▶ Work instruction
Please return every line from the entries that has the string "page" in it.

▶ Brief descriptive captions
**********

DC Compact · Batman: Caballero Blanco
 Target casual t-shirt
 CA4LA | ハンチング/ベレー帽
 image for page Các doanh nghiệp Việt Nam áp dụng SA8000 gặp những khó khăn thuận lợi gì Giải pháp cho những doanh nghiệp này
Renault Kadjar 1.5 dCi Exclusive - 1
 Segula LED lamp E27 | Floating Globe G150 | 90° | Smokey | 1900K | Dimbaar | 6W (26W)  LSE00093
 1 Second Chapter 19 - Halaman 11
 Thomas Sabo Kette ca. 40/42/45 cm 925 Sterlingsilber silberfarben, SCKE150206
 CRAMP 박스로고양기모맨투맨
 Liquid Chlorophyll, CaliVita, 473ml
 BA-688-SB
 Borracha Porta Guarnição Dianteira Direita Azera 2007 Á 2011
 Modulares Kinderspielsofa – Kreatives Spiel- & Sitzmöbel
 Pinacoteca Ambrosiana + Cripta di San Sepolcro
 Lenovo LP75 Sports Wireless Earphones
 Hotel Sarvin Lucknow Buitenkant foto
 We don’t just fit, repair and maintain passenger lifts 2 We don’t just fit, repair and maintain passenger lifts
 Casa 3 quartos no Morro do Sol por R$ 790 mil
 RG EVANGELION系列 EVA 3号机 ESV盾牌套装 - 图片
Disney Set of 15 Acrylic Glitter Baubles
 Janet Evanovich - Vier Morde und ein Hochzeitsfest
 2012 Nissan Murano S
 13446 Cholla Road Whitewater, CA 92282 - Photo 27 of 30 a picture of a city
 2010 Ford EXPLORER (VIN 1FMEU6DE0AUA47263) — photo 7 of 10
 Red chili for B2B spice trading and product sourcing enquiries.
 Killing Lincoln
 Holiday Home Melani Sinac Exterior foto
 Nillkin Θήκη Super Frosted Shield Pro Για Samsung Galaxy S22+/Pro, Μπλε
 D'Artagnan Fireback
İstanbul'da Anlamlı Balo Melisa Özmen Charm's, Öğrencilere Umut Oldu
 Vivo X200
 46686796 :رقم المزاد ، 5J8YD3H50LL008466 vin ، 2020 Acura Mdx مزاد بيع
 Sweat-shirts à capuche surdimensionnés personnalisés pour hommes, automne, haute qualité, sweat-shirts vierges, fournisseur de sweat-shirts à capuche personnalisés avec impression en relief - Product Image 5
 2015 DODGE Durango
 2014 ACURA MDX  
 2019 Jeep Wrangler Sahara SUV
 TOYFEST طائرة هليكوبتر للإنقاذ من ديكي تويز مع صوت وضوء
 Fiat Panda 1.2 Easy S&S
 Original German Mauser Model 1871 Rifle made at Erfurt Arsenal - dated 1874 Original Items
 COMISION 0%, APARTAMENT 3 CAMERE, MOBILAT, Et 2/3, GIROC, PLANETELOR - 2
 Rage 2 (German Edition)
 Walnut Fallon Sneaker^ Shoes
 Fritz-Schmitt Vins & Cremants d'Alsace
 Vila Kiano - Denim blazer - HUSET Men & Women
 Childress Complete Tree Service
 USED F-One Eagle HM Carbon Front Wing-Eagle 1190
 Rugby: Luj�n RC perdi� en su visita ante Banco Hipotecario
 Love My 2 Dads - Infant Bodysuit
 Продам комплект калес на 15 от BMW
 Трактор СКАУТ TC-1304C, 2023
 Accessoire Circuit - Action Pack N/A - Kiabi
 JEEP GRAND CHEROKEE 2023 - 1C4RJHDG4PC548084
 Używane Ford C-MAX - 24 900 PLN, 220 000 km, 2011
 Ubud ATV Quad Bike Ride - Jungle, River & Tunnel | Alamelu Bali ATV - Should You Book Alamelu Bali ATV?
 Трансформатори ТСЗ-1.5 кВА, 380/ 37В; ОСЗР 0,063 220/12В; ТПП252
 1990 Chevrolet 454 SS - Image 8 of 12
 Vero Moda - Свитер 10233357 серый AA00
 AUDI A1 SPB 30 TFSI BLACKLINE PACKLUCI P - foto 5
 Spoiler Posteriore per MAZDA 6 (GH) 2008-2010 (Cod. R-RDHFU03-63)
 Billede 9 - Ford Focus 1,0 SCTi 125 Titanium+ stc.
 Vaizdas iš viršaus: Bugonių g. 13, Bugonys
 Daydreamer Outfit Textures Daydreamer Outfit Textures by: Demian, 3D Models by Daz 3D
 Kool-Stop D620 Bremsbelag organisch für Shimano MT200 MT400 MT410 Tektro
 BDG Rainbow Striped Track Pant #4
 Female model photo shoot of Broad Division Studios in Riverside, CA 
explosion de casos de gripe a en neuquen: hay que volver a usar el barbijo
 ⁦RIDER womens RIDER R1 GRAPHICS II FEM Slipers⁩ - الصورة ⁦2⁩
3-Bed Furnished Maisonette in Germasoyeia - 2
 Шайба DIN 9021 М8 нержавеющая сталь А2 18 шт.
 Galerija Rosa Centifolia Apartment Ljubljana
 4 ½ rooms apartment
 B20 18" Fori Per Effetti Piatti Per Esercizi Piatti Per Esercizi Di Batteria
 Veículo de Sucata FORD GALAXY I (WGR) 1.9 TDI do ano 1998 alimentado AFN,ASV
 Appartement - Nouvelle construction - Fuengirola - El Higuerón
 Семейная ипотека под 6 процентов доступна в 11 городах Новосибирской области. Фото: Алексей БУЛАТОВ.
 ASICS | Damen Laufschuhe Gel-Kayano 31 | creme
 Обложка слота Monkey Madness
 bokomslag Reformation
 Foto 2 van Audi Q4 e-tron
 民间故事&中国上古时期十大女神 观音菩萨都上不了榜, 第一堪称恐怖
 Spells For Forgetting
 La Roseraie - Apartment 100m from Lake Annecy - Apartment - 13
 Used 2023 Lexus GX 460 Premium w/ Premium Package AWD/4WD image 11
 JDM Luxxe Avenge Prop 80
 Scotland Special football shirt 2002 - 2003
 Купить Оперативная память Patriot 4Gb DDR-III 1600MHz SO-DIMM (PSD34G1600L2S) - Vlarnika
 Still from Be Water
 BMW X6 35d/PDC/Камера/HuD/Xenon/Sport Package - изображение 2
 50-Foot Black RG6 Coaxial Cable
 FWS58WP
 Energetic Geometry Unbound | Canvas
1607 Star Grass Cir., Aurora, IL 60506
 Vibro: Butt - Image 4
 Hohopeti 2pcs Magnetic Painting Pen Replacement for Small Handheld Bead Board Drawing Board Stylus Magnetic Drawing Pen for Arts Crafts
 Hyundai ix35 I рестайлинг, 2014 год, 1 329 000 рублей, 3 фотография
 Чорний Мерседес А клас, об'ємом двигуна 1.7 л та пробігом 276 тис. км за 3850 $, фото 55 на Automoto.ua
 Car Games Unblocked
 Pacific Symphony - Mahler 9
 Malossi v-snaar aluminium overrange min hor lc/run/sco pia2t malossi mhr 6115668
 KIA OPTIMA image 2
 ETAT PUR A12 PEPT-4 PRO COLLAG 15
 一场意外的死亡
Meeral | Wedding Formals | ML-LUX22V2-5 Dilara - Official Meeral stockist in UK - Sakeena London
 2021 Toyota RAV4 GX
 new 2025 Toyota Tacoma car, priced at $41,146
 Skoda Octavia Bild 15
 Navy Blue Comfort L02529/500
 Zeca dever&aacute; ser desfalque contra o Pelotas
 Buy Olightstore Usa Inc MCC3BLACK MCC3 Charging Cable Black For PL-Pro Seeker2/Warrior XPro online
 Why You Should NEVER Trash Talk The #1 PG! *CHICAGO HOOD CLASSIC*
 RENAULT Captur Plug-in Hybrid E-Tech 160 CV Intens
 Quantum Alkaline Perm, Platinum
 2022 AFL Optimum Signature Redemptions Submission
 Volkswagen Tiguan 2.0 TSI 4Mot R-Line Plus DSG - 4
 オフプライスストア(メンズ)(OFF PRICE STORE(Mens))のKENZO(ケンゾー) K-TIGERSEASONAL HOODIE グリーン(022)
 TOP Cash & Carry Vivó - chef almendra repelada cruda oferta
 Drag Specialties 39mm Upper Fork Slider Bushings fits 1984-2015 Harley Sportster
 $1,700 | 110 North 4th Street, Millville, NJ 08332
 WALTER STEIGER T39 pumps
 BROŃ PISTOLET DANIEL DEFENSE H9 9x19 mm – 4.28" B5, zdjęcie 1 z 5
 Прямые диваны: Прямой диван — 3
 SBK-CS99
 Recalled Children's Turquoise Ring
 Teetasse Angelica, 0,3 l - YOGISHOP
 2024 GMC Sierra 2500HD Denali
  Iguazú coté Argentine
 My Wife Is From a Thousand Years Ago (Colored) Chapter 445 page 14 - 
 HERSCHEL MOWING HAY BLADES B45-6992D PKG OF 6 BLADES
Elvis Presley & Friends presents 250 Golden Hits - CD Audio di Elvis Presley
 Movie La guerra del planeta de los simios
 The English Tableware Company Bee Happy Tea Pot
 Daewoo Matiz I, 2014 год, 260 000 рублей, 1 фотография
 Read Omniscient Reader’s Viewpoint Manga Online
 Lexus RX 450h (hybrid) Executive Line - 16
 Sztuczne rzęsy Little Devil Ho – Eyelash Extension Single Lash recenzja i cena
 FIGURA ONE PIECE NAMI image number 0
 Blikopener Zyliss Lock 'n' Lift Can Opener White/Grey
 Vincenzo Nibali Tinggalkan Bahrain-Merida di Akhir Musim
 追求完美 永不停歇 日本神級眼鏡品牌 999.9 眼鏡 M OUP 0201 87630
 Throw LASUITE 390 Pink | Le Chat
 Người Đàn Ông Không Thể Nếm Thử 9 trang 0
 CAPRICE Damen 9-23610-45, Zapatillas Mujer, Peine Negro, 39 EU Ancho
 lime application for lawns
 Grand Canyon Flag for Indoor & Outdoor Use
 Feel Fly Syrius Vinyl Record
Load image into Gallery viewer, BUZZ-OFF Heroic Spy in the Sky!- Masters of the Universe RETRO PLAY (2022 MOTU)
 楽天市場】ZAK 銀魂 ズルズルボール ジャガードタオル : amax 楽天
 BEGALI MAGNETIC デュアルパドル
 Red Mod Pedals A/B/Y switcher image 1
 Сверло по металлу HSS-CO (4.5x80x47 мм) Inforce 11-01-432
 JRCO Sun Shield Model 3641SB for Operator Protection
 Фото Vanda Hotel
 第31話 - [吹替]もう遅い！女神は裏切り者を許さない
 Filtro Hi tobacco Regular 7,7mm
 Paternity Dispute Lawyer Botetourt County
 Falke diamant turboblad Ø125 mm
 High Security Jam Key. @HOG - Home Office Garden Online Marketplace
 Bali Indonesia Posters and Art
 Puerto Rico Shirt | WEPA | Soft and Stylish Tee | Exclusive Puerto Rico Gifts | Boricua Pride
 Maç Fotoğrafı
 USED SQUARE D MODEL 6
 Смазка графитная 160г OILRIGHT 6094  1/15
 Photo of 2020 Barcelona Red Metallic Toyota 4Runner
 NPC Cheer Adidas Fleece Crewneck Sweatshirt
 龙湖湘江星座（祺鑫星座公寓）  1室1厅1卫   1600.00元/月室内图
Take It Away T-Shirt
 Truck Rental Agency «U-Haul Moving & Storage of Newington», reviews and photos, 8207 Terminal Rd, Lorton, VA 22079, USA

**********

▶ Solution for this task
 image for page Các doanh nghiệp Việt Nam áp dụng SA8000 gặp những khó khăn thuận lợi gì Giải pháp cho những doanh nghiệp này
 My Wife Is From a Thousand Years Ago (Colored) Chapter 445 page 14 - 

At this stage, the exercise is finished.